PA skull (Figure 2) shows craniofacial synostosis with copper beaten skull appearance indicating remodeling of brain due to increased intracranial pressure due to fused sutures.
Discussion
Crouzon syndrome is the second most common craniosynostosis syndrome and a relatively rare disease.8 Family history is a significant factor because of the autosomal inheritance pattern. The clinical diagnosis of Crouzon syndrome is aided by the worsening of facial deformities during the first two years of life. For the clinical diagnosis, the remainder of a newborn's medical history is less significant. An infant with Crouzon syndrome may present in a variety of ways, ranging from mild forms with midfacial weakness to severe forms with prominent midfacial and ocular abnormalities and multiple fused cranial sutures.

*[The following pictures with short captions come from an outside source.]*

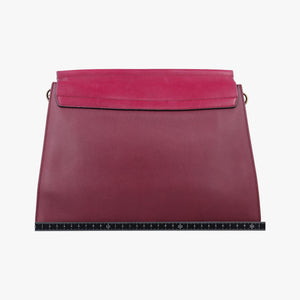 Pre-owned Chloe FAYE Burgundy Leather  shoulderbag | stylenewstar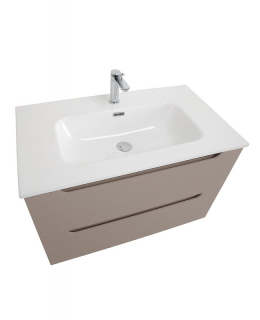 База под раковину BelBagno подвесная с двумя выкатными ящиками, с доводчиками, 800x455x500, ETNA-800-2C-SO-CO бежевый матовый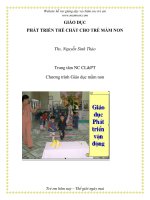 GIÁO DỤC PHÁT TRIỂN THỂ CHẤT CHO TRẺ MẦM NON docx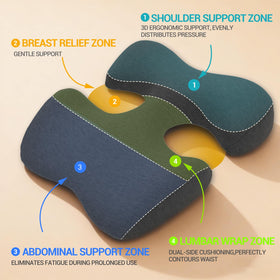 Gwboorsd face-down pillow with non-slip bottom keeps position stable during massage.
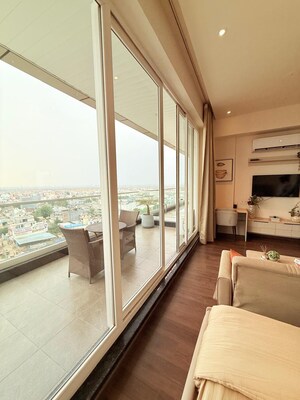 Balcony in Studio Apartment at Satya The Hive, Sector 102 – for Sale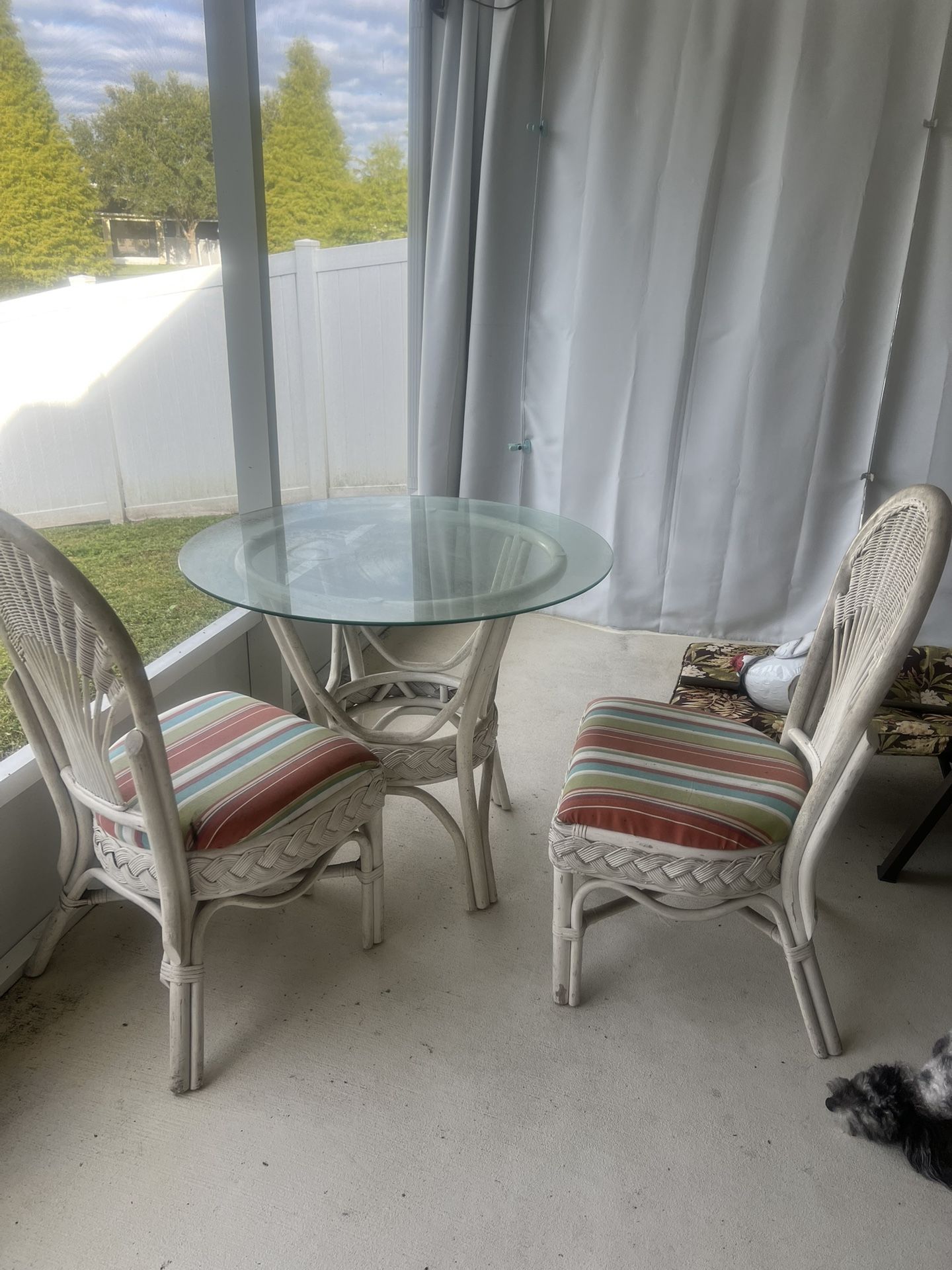 Wicker Bistro Patio Set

These kids rarely have intellectual disabilities, and upper airway obstruction may be the source of their respiratory distress.9 If treatment is not received for increased intracranial pressure, optic atrophy can result in blindness.
Treatment of Crouzon syndrome requires a multidisciplinary approach and early diagnosis is important. Releasing cranial synostotic sutures is preferred during the first year of life to allow for adequate cranial volume and to support brain growth and expansion. To achieve the best possible results, skull reshaping may need to be repeated as the child grows.10 If necessary, midfacial advancement and jaw surgery can be performed to provide adequate orbital volume and reduce exophthalmoses to correct the occlusion to an appropriate functional position, thus providing a more normal appearance. In this case, the patient was diagnosed with Crouzon syndrome. Maxillary hypoplasia (cup face deformity), hypertelorism, and exophthalmos were noted on extraoral examination (Figure 1a). The patient also had turricephaly/oxycephaly/rook head, saddle nose deformity, parrot beak, and mandibular prognathism (Figure 1b). Intraoral examination revealed a high arched palate, crowding of teeth, clinically absent 15.25, and anterior and posterior crossbite (Figure 1c). The PA skull (Figure 2) shows craniofacial synostosis with copper-beaten skull appearance, indicating brain remodeling due to increased intracranial pressure caused by bonded sutures.
Conclusion
Because Crouzon syndrome causes facial expression impairment and other complications like breathing issues, aspiration pneumonia, vision problems, and mental retardation, it is important to treat it as soon as possible. These patients have the potential to be useful and contributing members of society given the right care. Comprehending these irregularities is imperative for the dental team to ensure that the patient receives the best care possible and to make the appropriate referrals.